• What needs to be done: Beginning with the line that holds "Yellow gold Fancy" and finishing with the line that holds "basement with water", repeat the listing exactly, leaving every picture out.

• Material supplied:
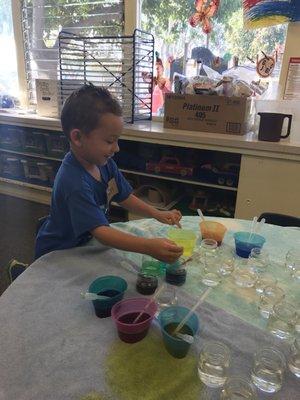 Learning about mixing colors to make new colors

--

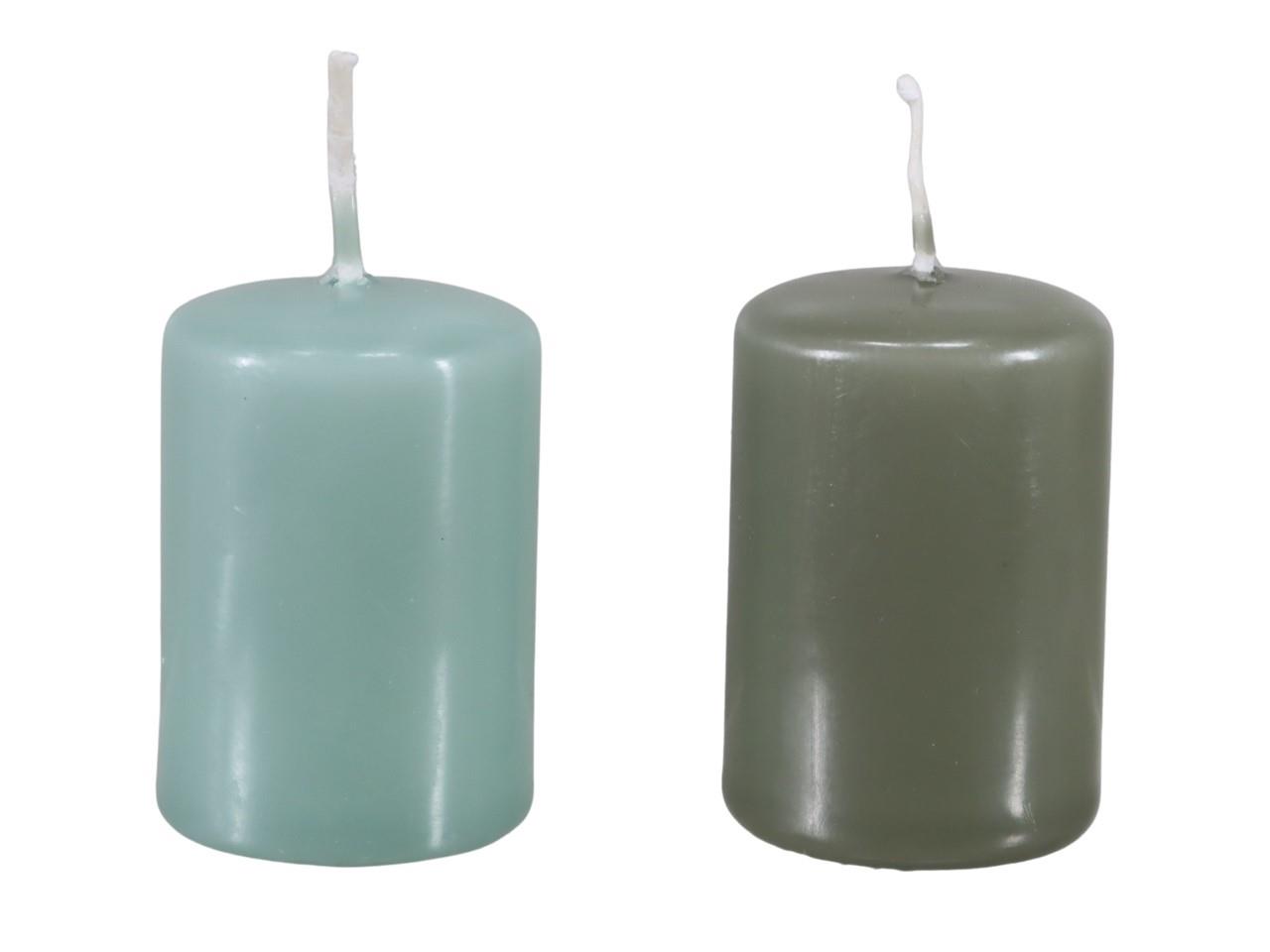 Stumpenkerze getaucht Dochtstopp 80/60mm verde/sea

* * *

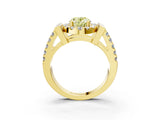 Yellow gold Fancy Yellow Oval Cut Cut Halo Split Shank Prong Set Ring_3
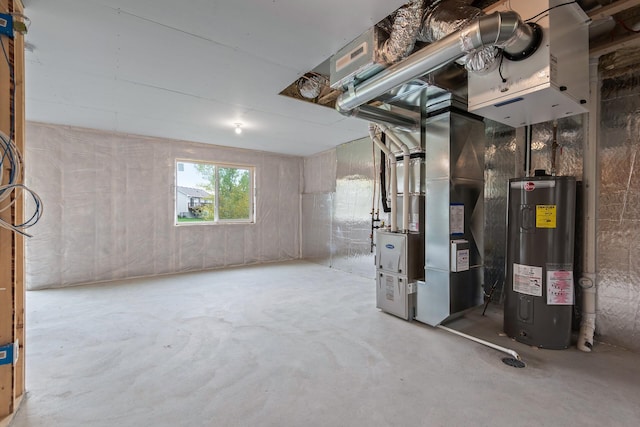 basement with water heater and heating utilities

• Reply to the exercise:
 Yellow gold Fancy Yellow Oval Cut Cut Halo Split Shank Prong Set Ring_3
 basement with water heater and heating utilities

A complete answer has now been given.